A 10 Km dal mare, sulla prima linea di colline tra Senigallia e Jesi, Morro d’Alba domina dalle sue mura la campagna circostante. Alcuni ritrovamenti testimoniano la presenza di antichi insediamenti in località Sant’Amico, dove, in una tomba, è stato scoperto un medaglione aureo con l’immagine di Re Teodorico, unica immagine del sovrano longobardo.

La cinta muraria e il camminamento interno "La Scarpa"

La cinta, di andamento irregolarmente pentagonale con sei bastioni, è il risultato di una serie di ristrutturazioni databili fra il XIII ed il XV secolo.

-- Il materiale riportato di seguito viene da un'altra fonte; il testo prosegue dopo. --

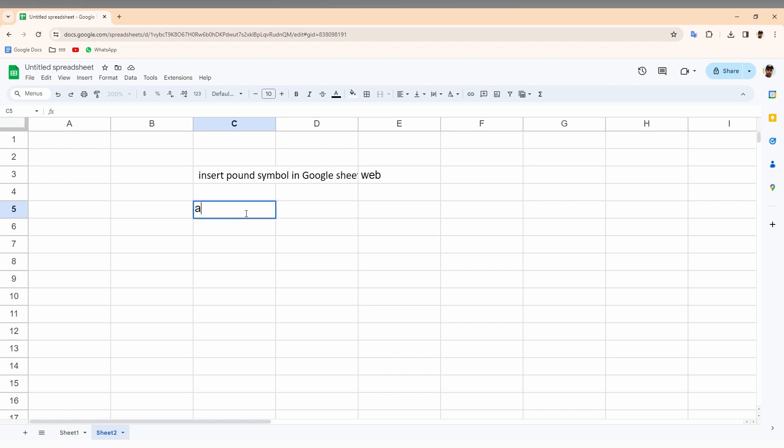To insert the pound symbol, you just need to press the Alt key with this code. What I'm going to type is 156. So first, click inside the cell, now press the Alt key and just type 156. It will automatically create the pound symbol. You can see, first press Alt key and type 156.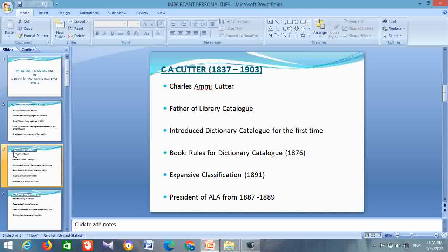He developed a classification scheme known as Expansive Classification in the year 1891. He became the president of ALA from 1887 to 1889.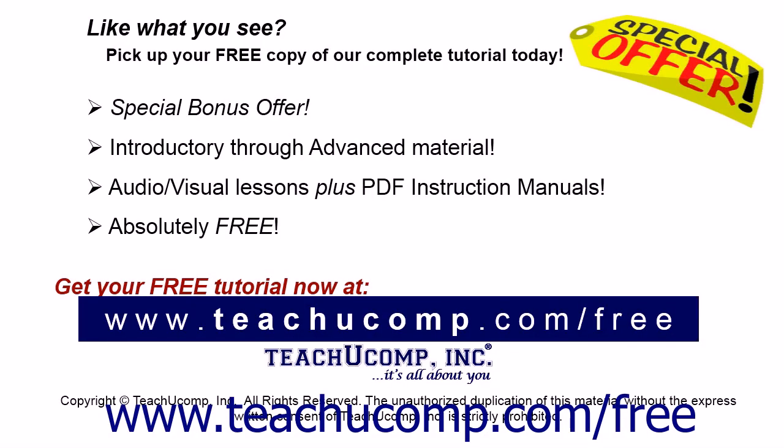Like what you see? Pick up your free copy of the complete tutorial at www.teachyoucomp.com forward slash free.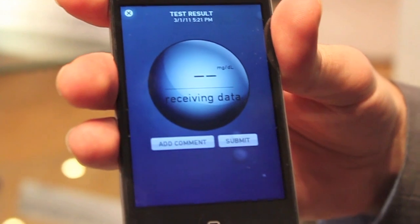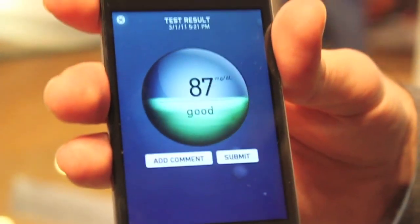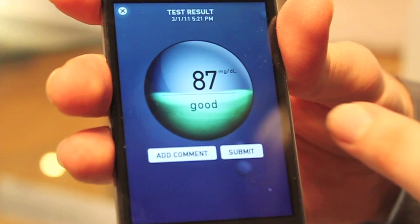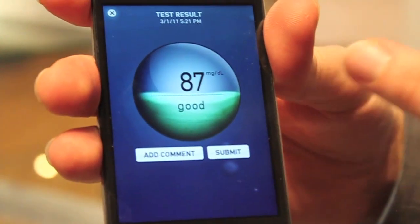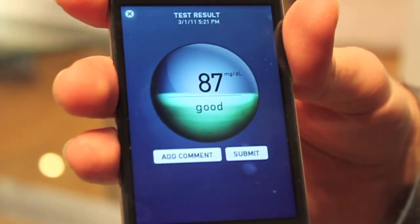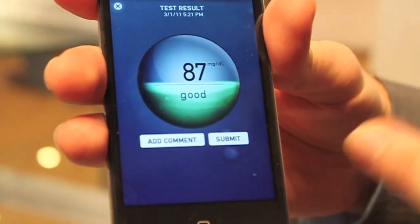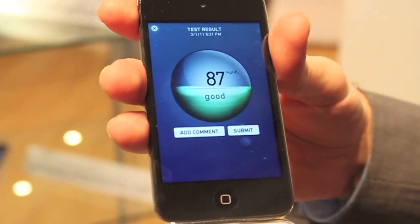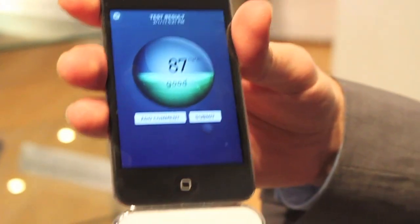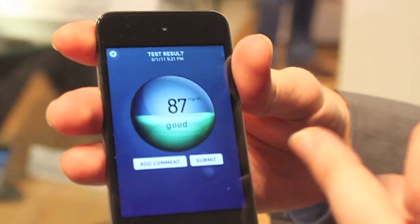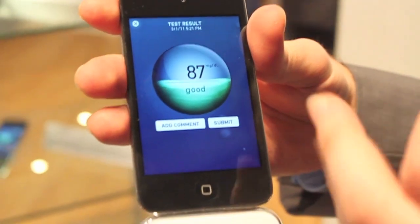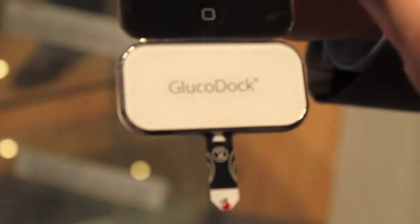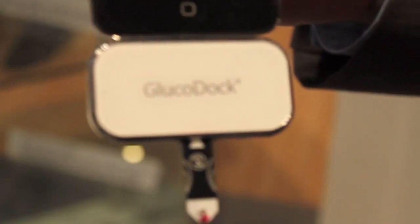After a few seconds we see the result: 87. There is an evaluation according to the user's target value settings. The user enters a range from 80 to 120, for example, and then everything within that range is regarded as good.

Nel 1654 le autorità autorizzarono la costruzione di abitazioni sopra le mura, dando così origine alla cosiddetta "Scarpa", Esempio unico in Italia di cammino di ronda coperto, fiancheggiato da arcate, che corre lungo tutto lo sviluppo della cinta fortificata.

Chiesa di San Gaudenzio (1763)

Situata all’interno della cinta muraria, conserva alcune interessanti opere, tra cui una serie di dipinti ovali del XVII secolo raffiguranti i "Misteri del Rosario" , e una tela del romano Silvio Galimberti raffigurante San Michele Arcangelo, patrono del paese.

Palazzo Comunale  (1763 - 1775)

Nei suoi locali è presente la pinacoteca in cui sono conservate varie opere tra cui una pala d’altare del veneto Claudio Ridolfi raffigurante "L’incoronazione della Verginee Santi".

Museo Utensilia

Appena fuori dalla cinta muraria, nel locale dove ha sede la locale scuola, si trova il Museo della Cultura Mezzadrile. In sette sale è ospitata una raccolta ragionata di oggetti di lavoro tradizionali, testimoni dell’autosufficienza della civiltà contadina.